I'm not a fan at all of keeping Butterflyfish in tanks this small. The Auriga is, however, a reasonable Butterfly to keep in captivity. I'm not sure how well it will get along with a Centropyge angel in a tank of this size. Again, I wouldn't try this personally, so I can't really recommend this to you.

The Kauderns are easy to keep. Be certain to buy tank raised. If the price is low, then you are not getting tank raised! You can't buy a tank raised Kaudern for $7.00, but you will find them for sale. Captive caught specimens are very difficult to maintain.


----------



## NickC5FE (Nov 18, 2010)

Thanks Pasfur! I will definetly take the advice on the clowns and the bicolor....I will go with the flame, as they are cool as crap anyways!
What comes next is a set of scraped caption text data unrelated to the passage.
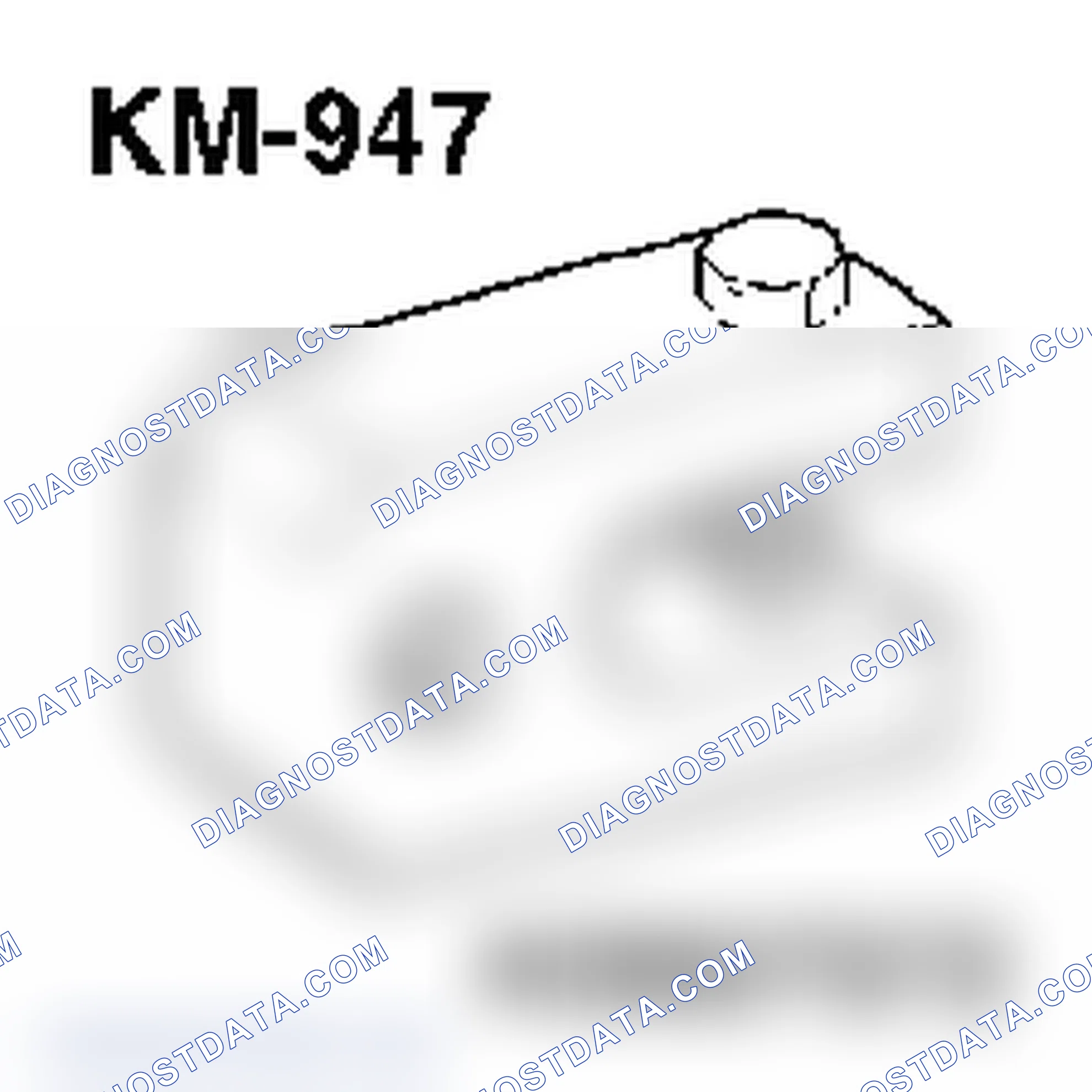 Special Service Tools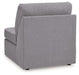 Modmax Balanced Sectional with Audio and Storage Consoles - House n2 Home Furniture (Manchester,GA)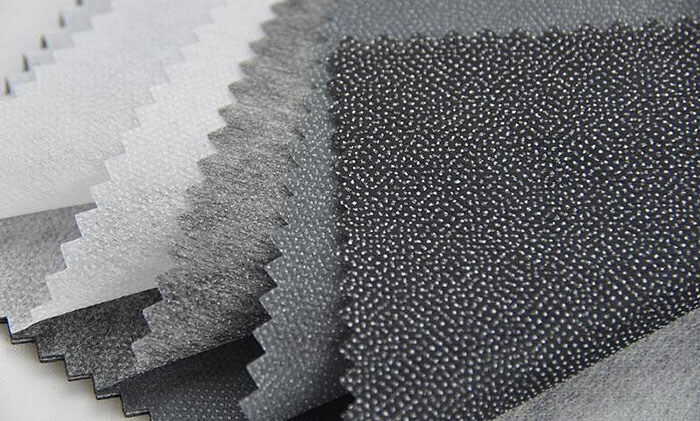 fusible interlining cloth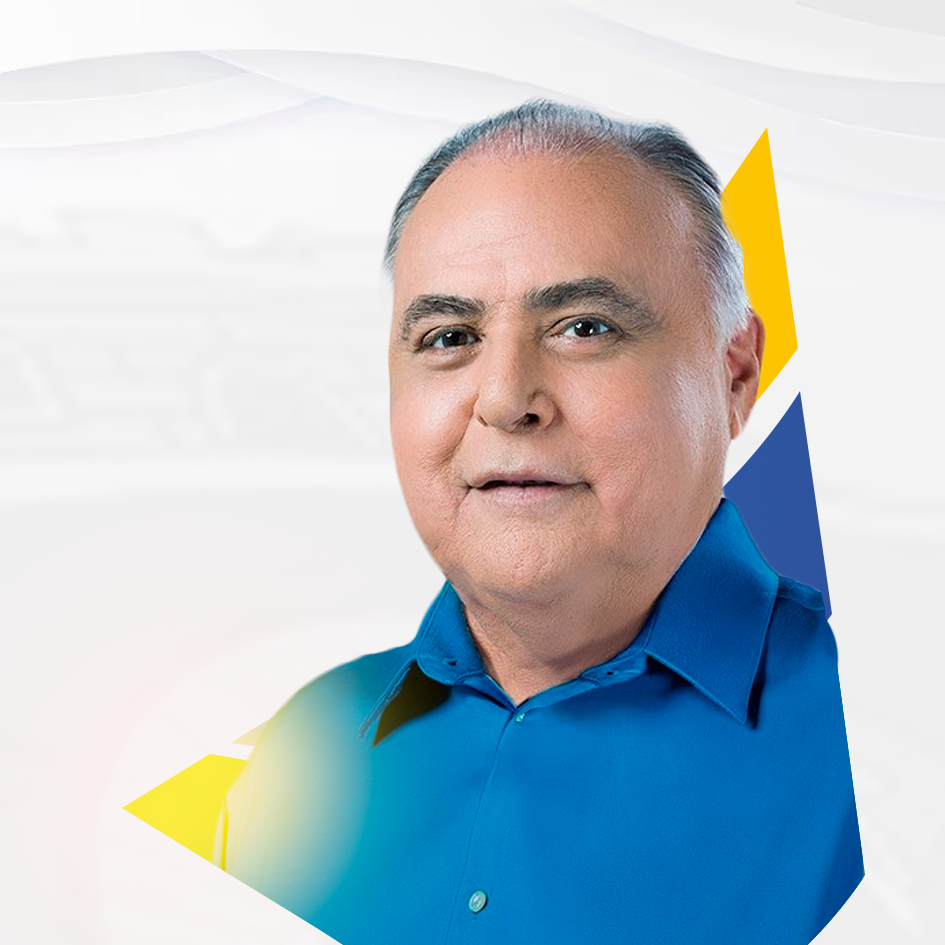 Foto de ROBERTO PESSOA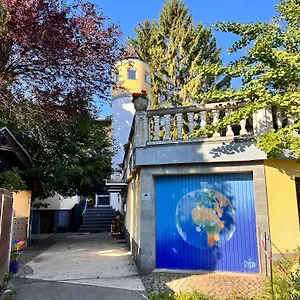  Privatunterkunft W.i.p. Welt Im Park Deutschland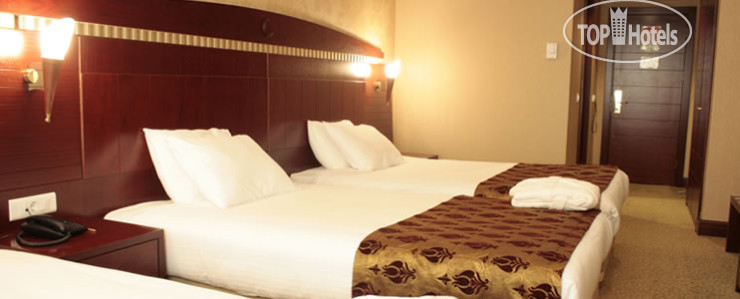 New photos from tourists Nova Plaza Orion Hotel 4*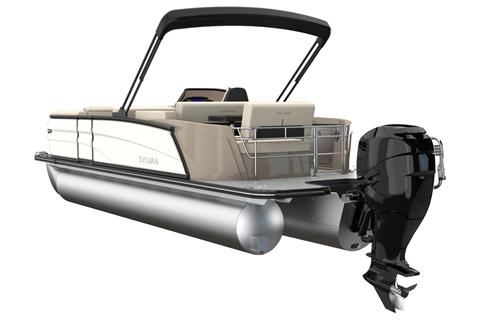 2025 Sylvan G3 DLZ in Paducah, Kentucky - Photo 5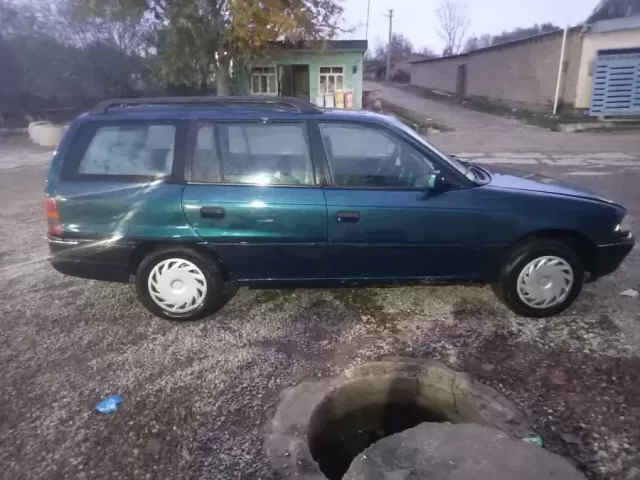 Opel Astra F, 1994 1, avtobaza.tj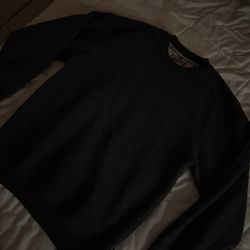 Charcoal Pro Club Pullover 
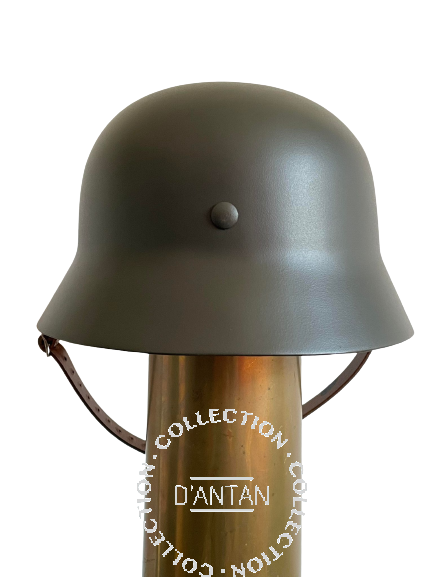 German M35 Helmet Reproduction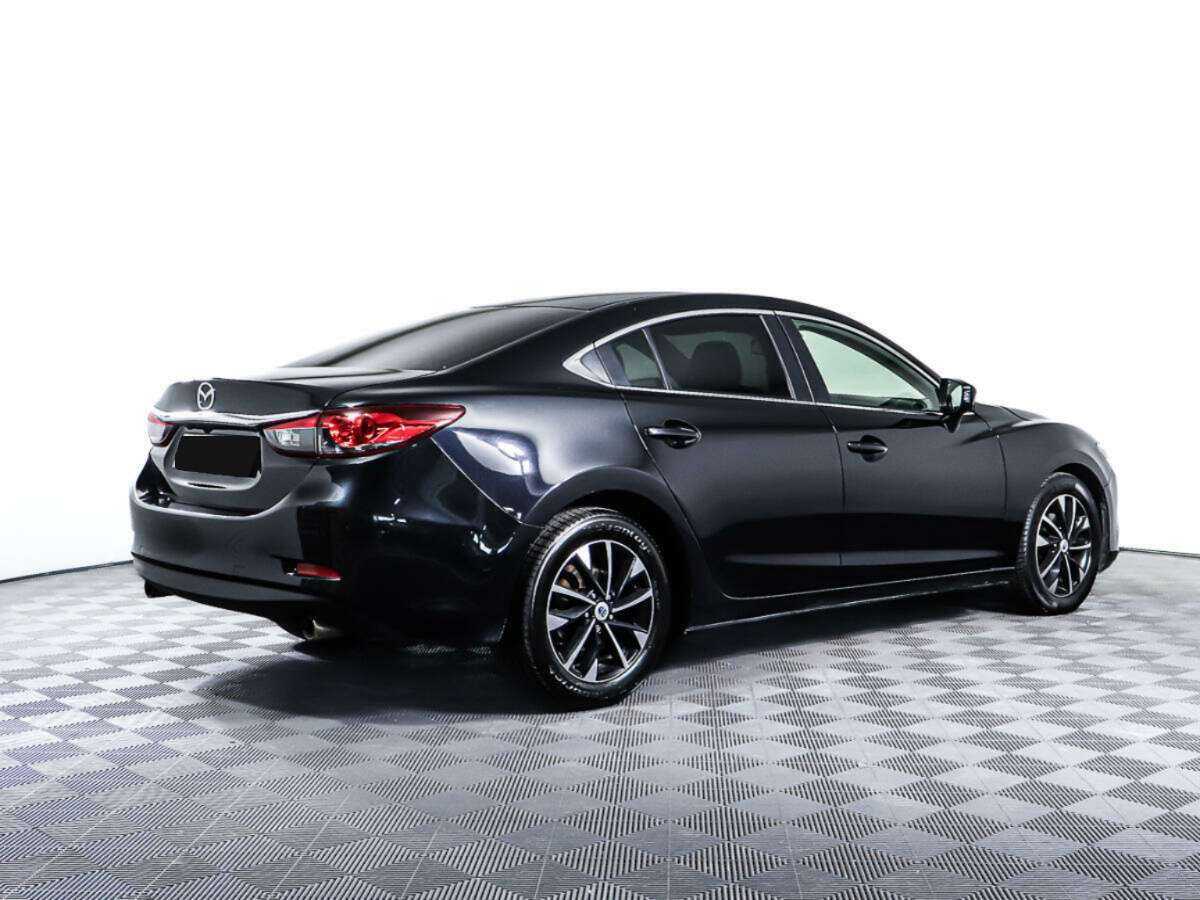 Купить Mazda 6, 2013, 268 843 км.. Фото: #4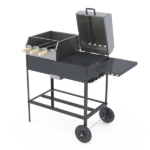 Churrasqueira Americana Progás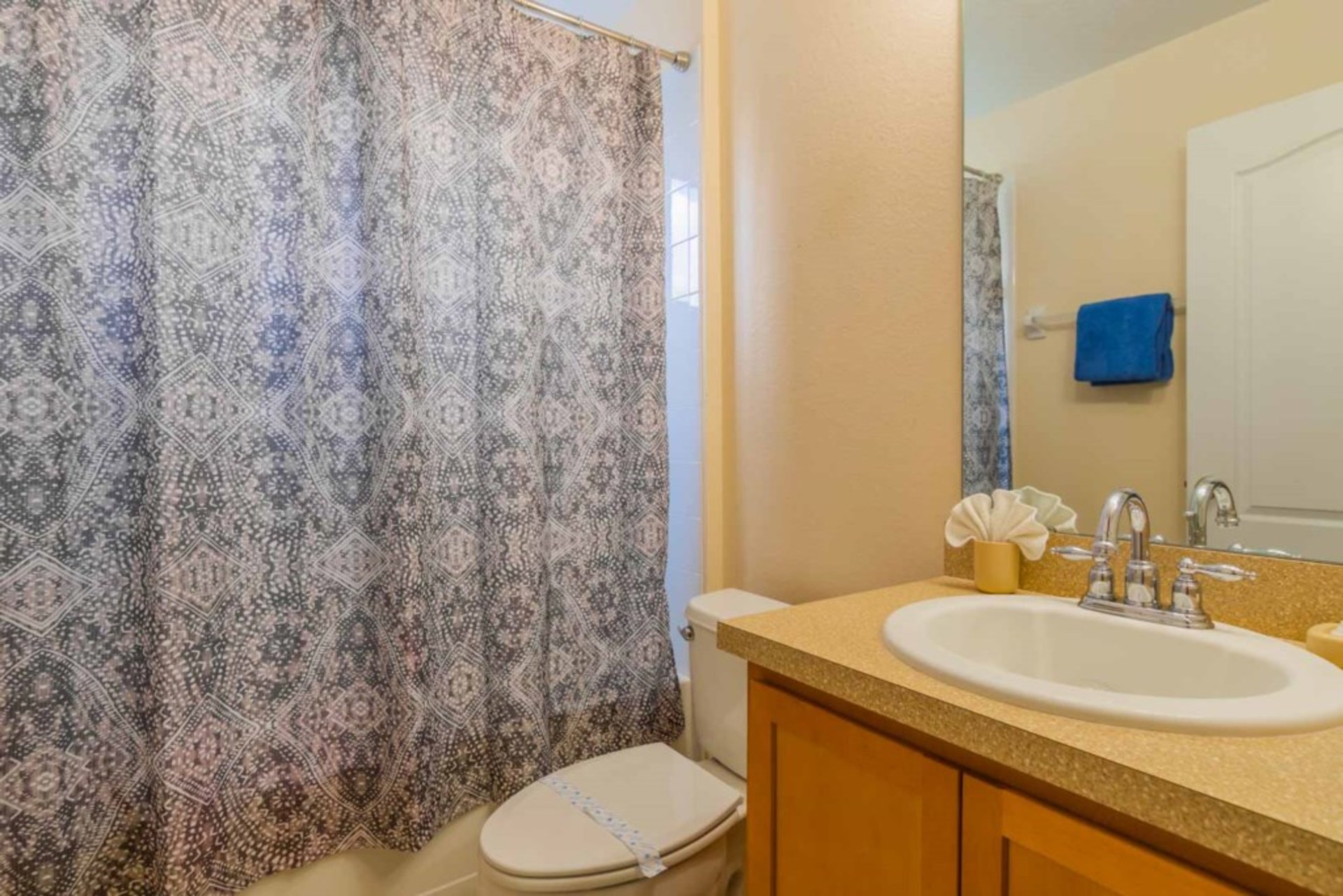 Muhteşem Özel Havuzlu Lüks Florida Villası, Florida Villa 6208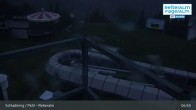 Archived image Webcam Top Station 6 Seater Chairlift 06:00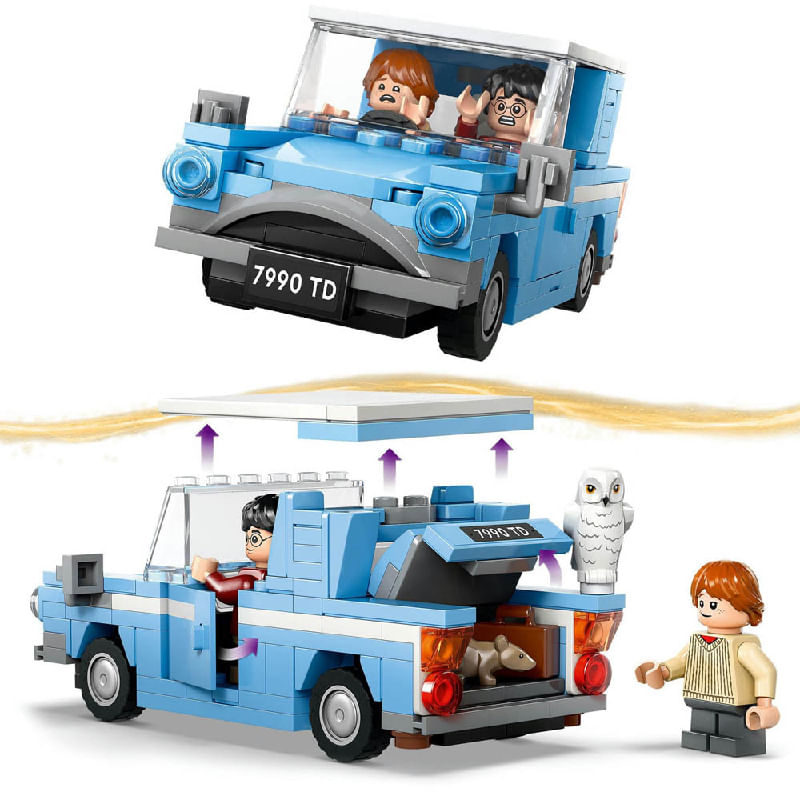 Lego---Harry-Potter---Ford-Anglia-Voador---76424-3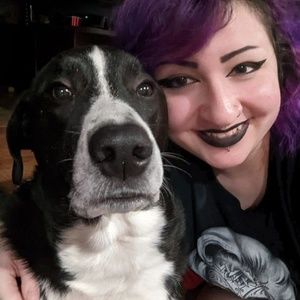 Meet your Posher, Mikayla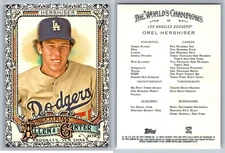 2025 Topps Allen Ginter Full Size Parallel CHROME REFRACTOR FOIL FILAGREE U Pick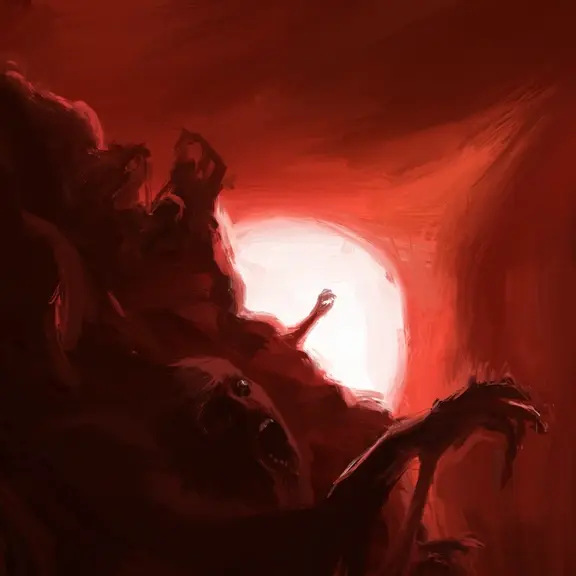 CoarseTower9874의 SCP-001 [여명]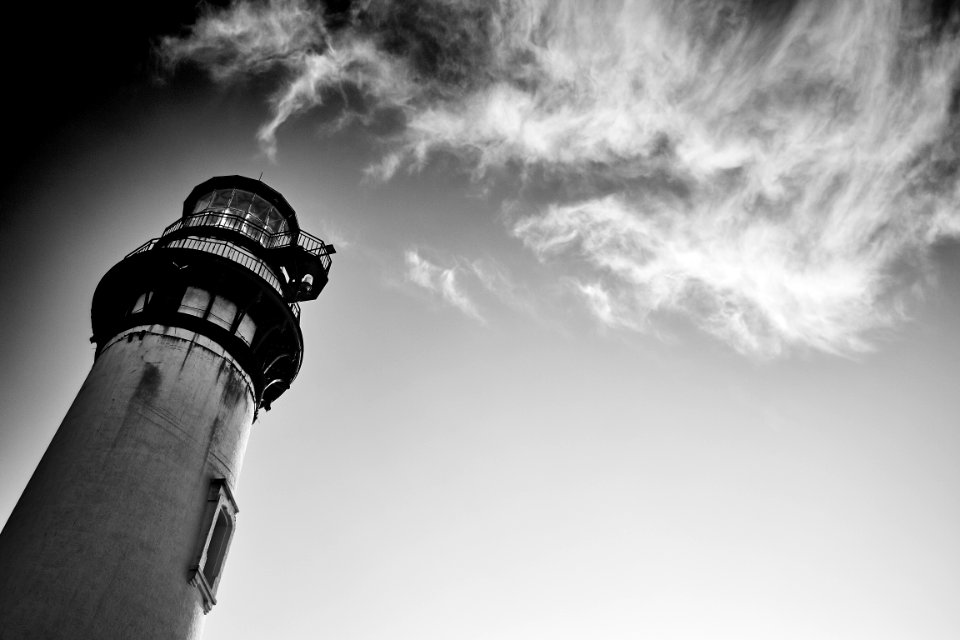 LightHouse Tower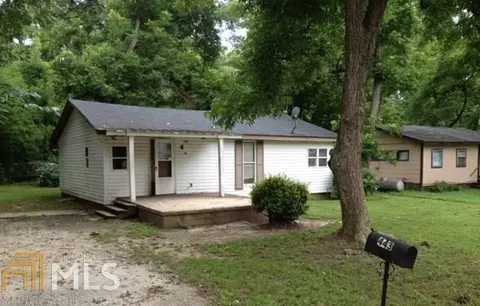 443 West Ave, Jackson, GA 30233 photo 1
I will most likely try the butterfly last as i will be upgrading tanks sooner (hopefully) than later. Also, if there is any problems while i have one, i will return to LFS (not preferred so hopefully it works out)..So as far a sequence, would you go:

Clowns, flames, cardinal, butterfly? Thanks


----------



## Pasfur (Mar 29, 2008)

NickC5FE said:


> ..So as far a sequence, would you go:
> 
> Clowns, flames, cardinal, butterfly? Thanks


Cardinals, Clowns, Flames, Butterfly.

Keep in mind that all these fish are open water fish. That makes 7 open water swimmers in a 54 gallon tank. The tank will be a bit crowded simply because of the area of the water that these fish prefer to swim. You should consider some rock dwelling species, such as Gramma, Basslets, Gobies, Blennies, etc.

You might consider eliminating the Cardinals, or preferably the Butterfly ;-).


----------



## NickC5FE (Nov 18, 2010)

Thanks Pasfur!


----------